Now, with support from EDC, an initiative called the Social Legacy Program is working with Armenian DPOs to develop a national coalition. Coalition members will identify one or more challenges and then will develop activities to address those challenges.
“The people I’ve met at the forefront of the disabilities movement in Armenia are committed to ensuring that everyone can be an active contributor to the economic, social, and political life of a society,” says EDC’s Gustavo Payan. “They serve as role models and sources of inspiration for others—‘disabled’ or not.”
EDC will work with the coalition as it coordinates efforts, prioritizes activities, and administers funding. Coalition members also will develop targeted activities to improve conditions and policies.
Breaking down barriers
Today, there are nearly 170,000 people in Armenia living with many different kinds of disabilities.
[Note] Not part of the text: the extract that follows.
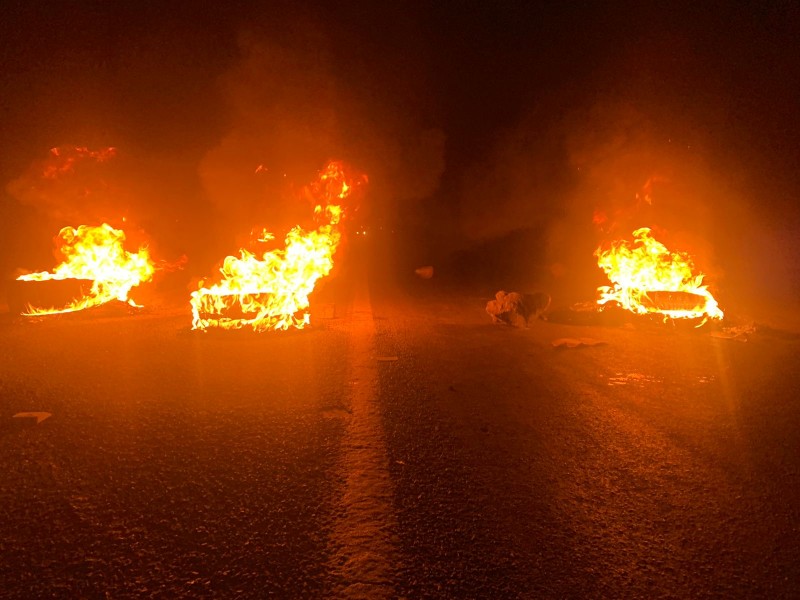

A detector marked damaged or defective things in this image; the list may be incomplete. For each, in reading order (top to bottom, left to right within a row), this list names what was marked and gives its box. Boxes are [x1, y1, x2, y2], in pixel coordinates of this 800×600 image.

scorch mark on pavement [324, 274, 400, 596]
crumpled debris on road [488, 290, 552, 328]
Each DPO has its own focus, such as working to remove physical barriers for those who use a wheelchair, advocating for new laws and policies, promoting inclusive schools and workplaces, and improving vocational training.
Funded by the U.S. Agency for International Development’s Eastern Europe and Eurasia Bureau, the Social Legacy Program is working on similar issues in the former Soviet Republic of Georgia, to the north of Armenia, and hopes to establish ties between the two countries.